#### [SUPPLIED INFORMATION]

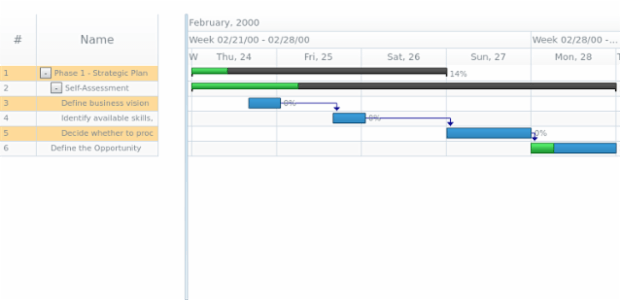 anychart.core.ui.DataGrid.rowOddFill set asOpacity created by AnyChart Team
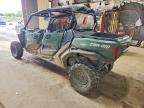 2021 Can-Am Commander Max 1000R DPS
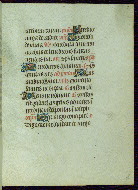 W.263, fol. 90r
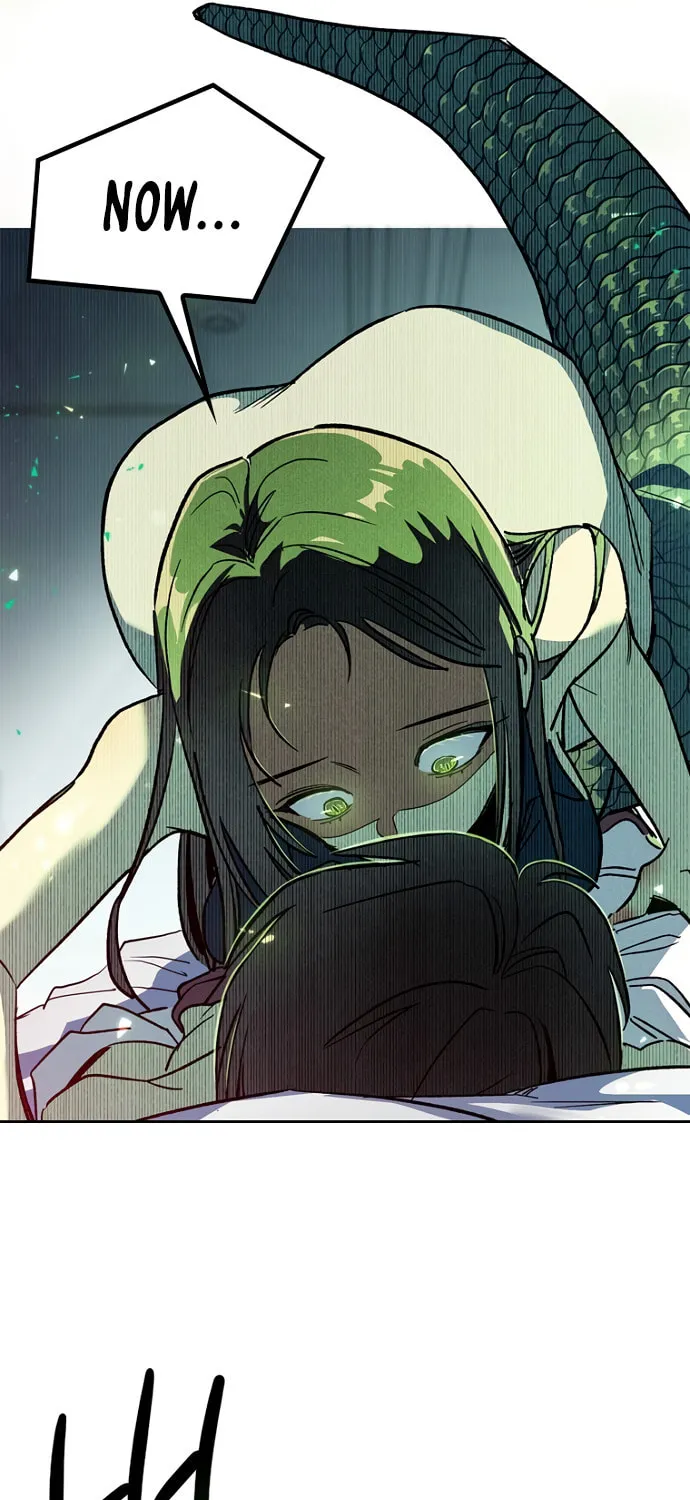 Sibijisonyeo Chapter 6 page 48 - 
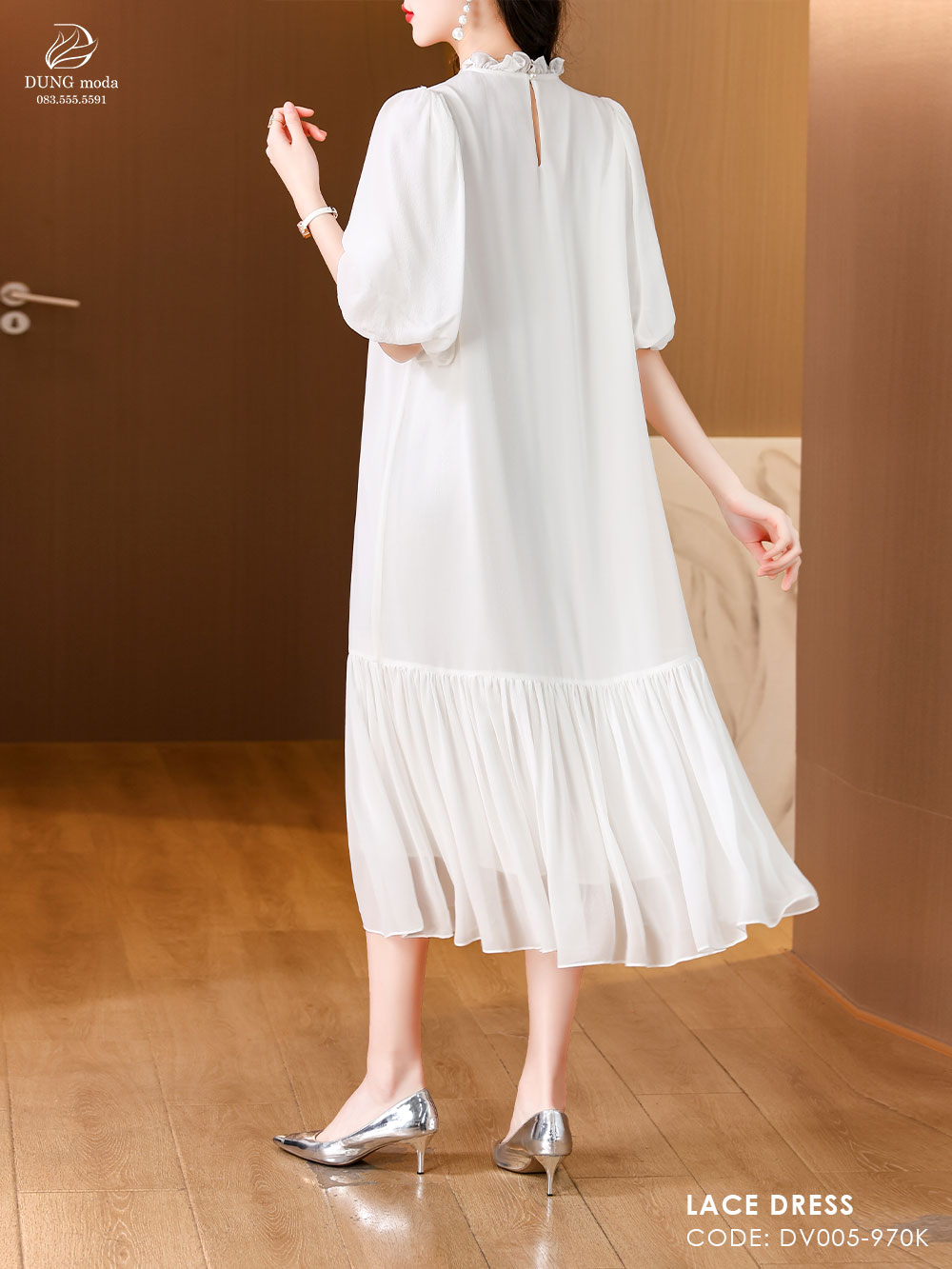 Váy Ren DV005 5222_thumbnail_2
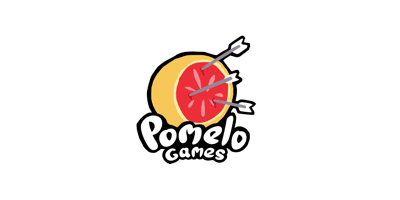 Logo Pomelo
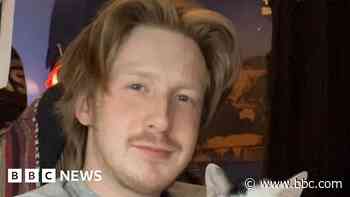 Man, 80, admits causing death of biker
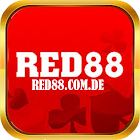 red88comde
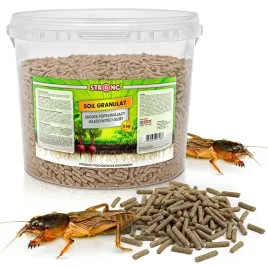 granulat-do-gleby-dotknietej-przez-szkodniki-soil-granulat-strong-5kg
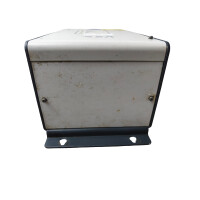 Power Electronics V2030C Sanftstarter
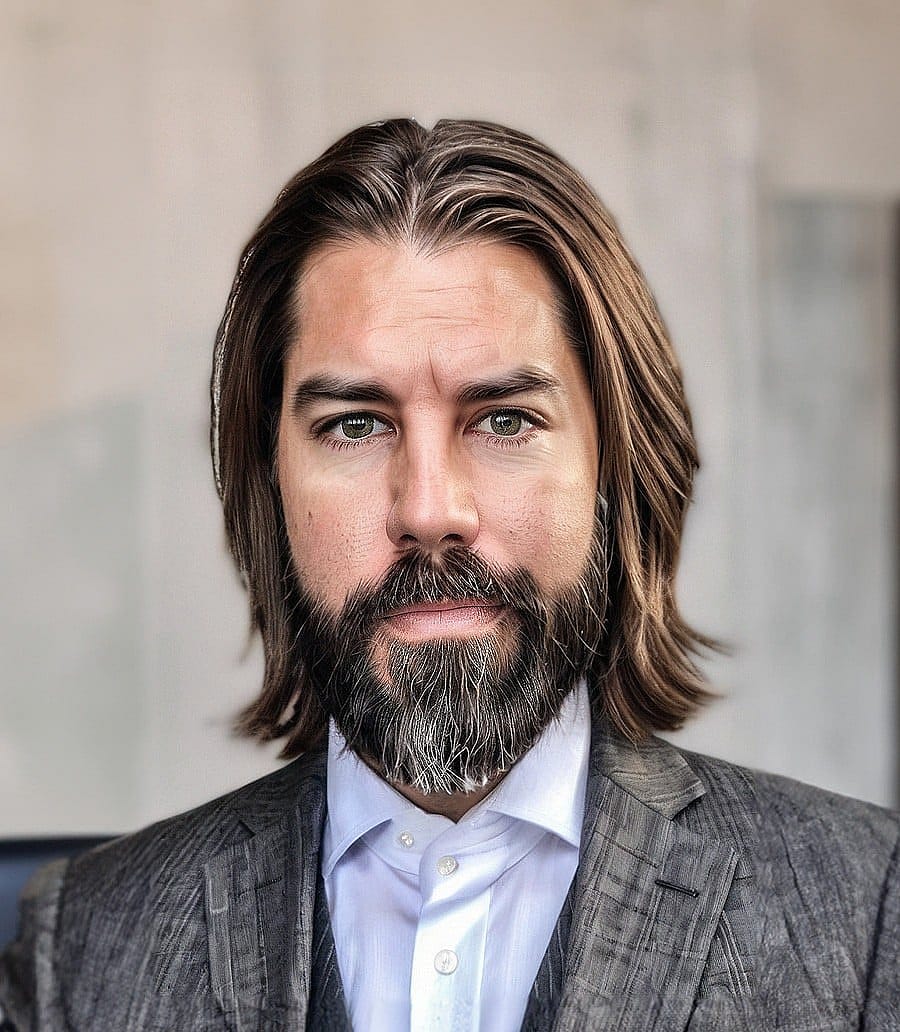 Evan Wyloge
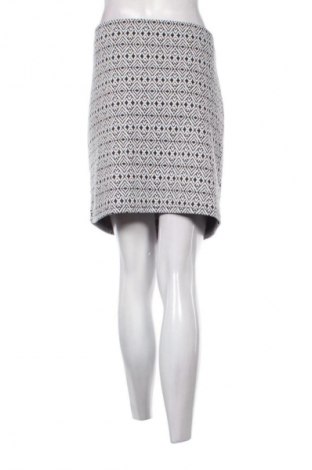 Szoknya Now, Méret XL, Szín Sokszínű, Ár 4 959 Ft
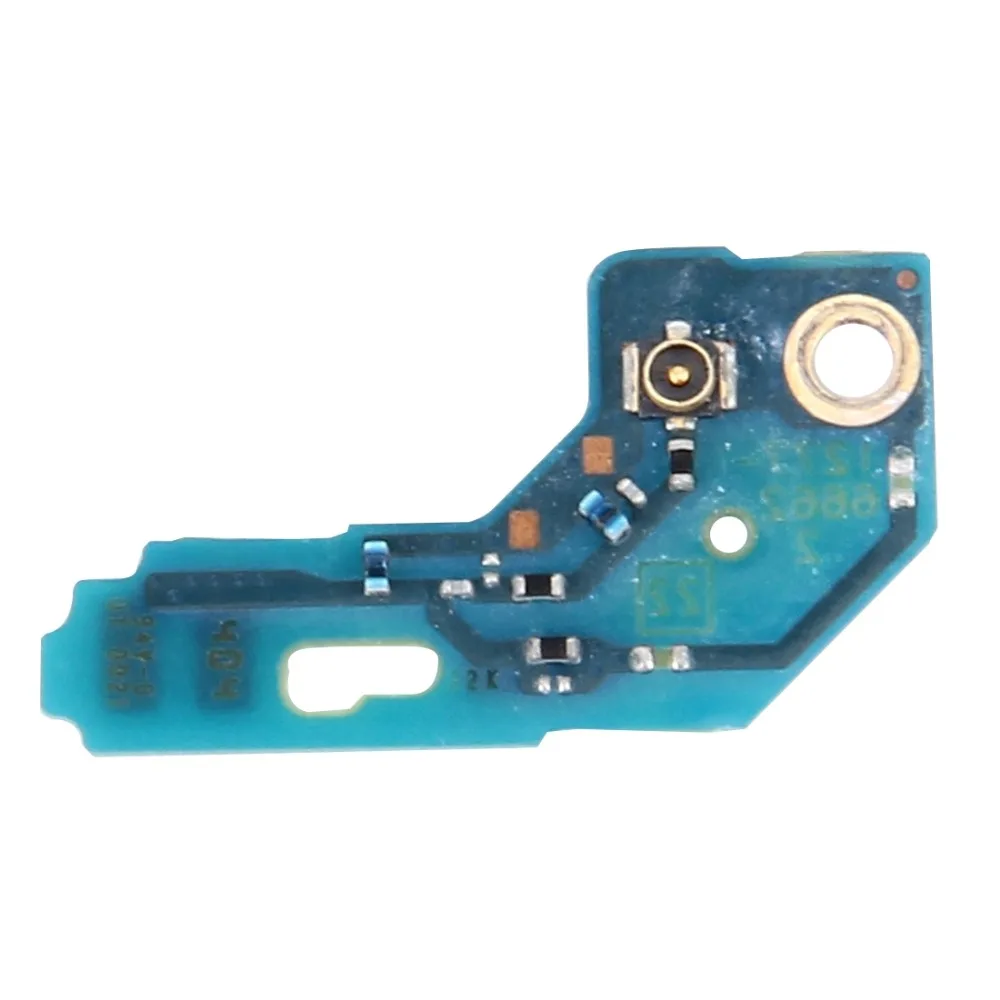 

iPartsBuy Signal Keypad Board Flex Cable Replacement for Sony Xperia Z2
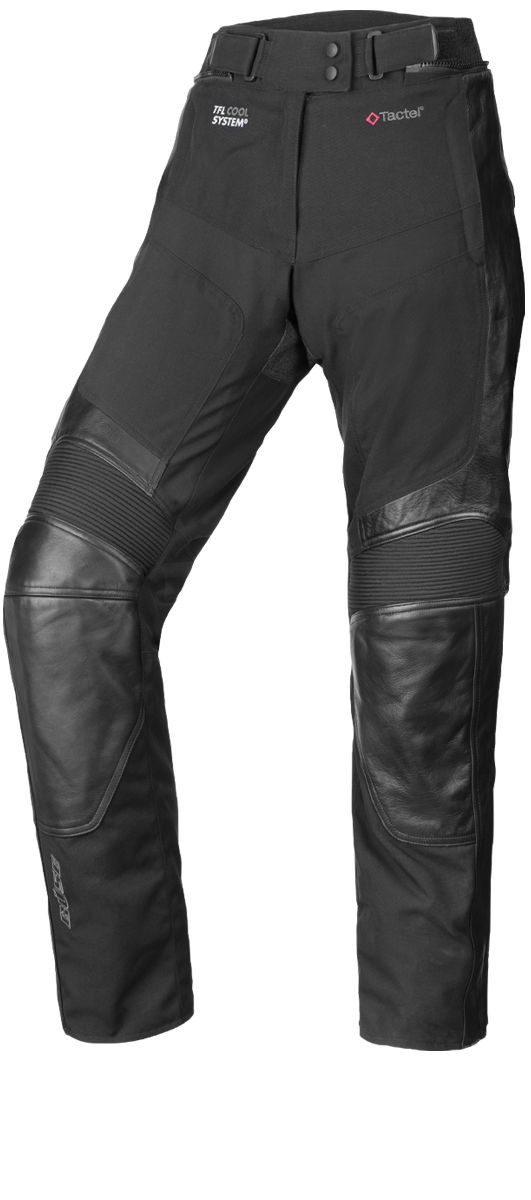 Büse Motorradhose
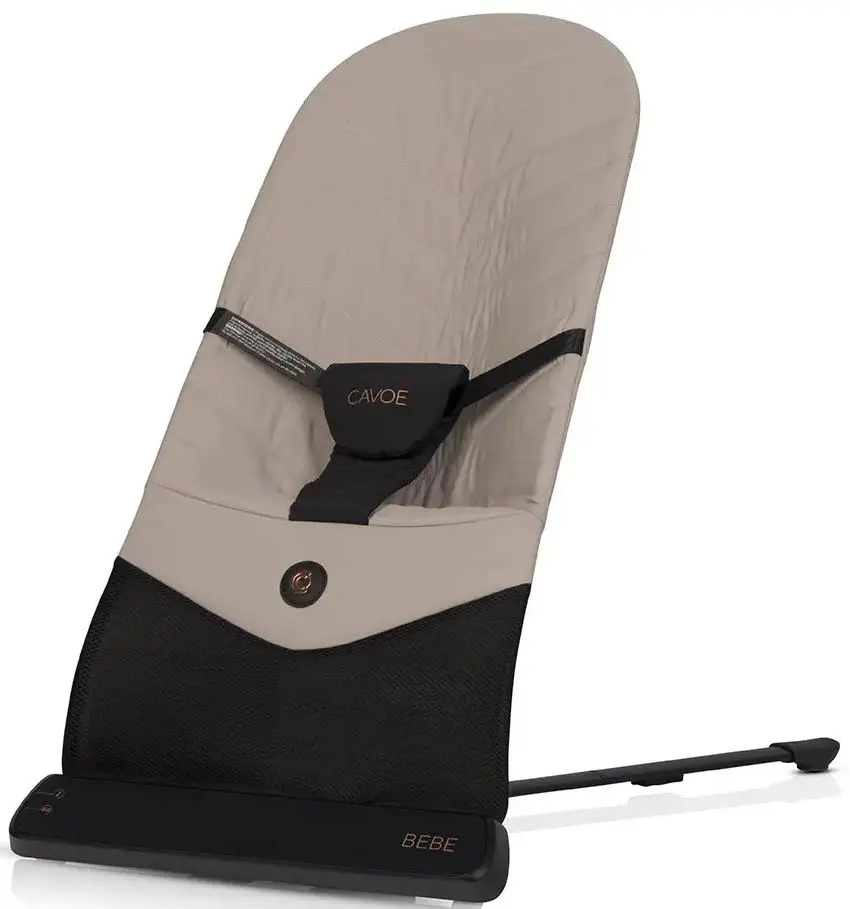 Balansoar Cavoe Bebe (Taupe)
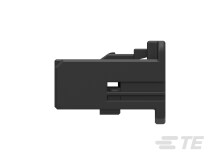 2237049-1 : AMP TH/.025 CONNECTOR SYSTEM, HOUSING | TE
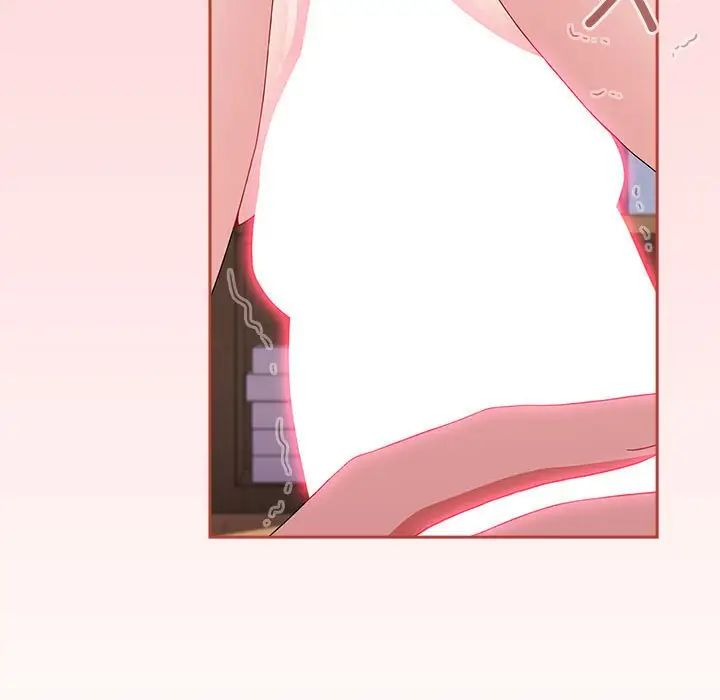 《小孩子才做选择》漫画 第87話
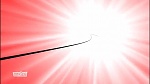 Image Miraculous, les aventures de Ladybug et Chat Noir S2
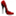 onlinestylebook.com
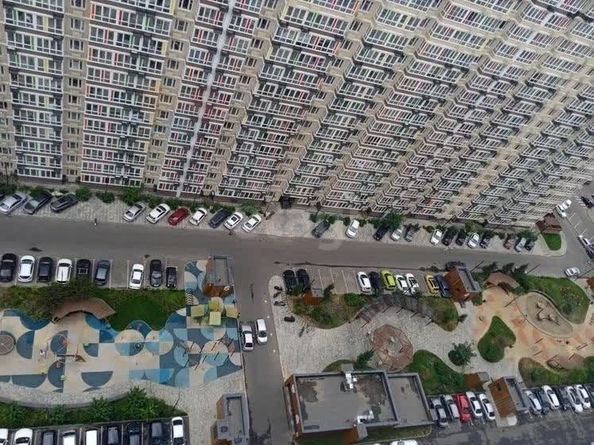
  Продается 1-комн. квартира 32.6 м². Фото 8.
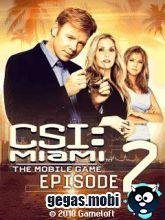 x320 s40 5ed rus csi miami episode 2
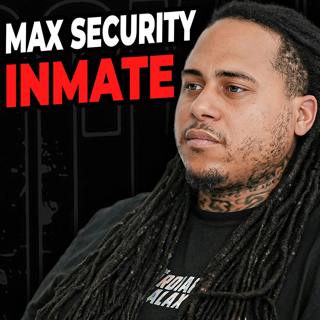 SURVIVING 10 Years In VIOLENT Federal PRISONS | Mykal Hall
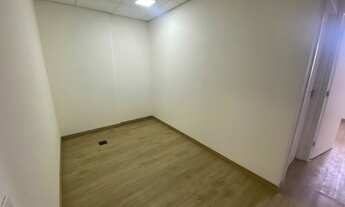 Imagem 2: Sala para alugar em São Paulo/SP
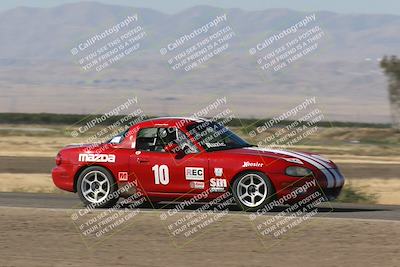 media/Jun-02-2024-CalClub SCCA (Sun) [[05fc656a50]]/Group 3/Qualifying/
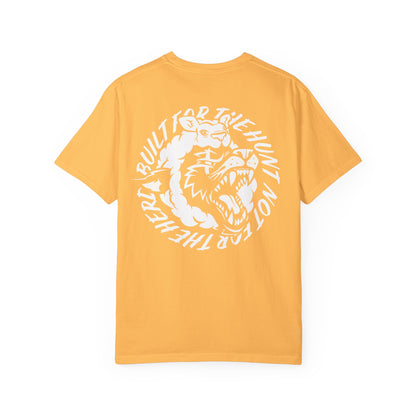 Built for the Hunt, Not for the Herd Tee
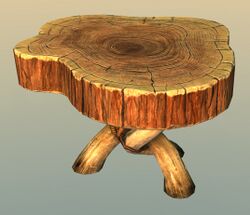 Taburete de madera kodan.jpg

#### [WHAT YOU NEED TO DO]
Could you return exactly the lines starting with the one that contains "2237049-1 : AMP" and ending with the last line of the data above? Leave the pictures out.

#### [EXPECTED OUTPUT]
 2237049-1 : AMP TH/.025 CONNECTOR SYSTEM, HOUSING | TE
 《小孩子才做选择》漫画 第87話
 Image Miraculous, les aventures de Ladybug et Chat Noir S2
 onlinestylebook.com
  Продается 1-комн. квартира 32.6 м². Фото 8.
 x320 s40 5ed rus csi miami episode 2
 SURVIVING 10 Years In VIOLENT Federal PRISONS | Mykal Hall
 Imagem 2: Sala para alugar em São Paulo/SP
 media/Jun-02-2024-CalClub SCCA (Sun) [[05fc656a50]]/Group 3/Qualifying/
 Built for the Hunt, Not for the Herd Tee
 Taburete de madera kodan.jpg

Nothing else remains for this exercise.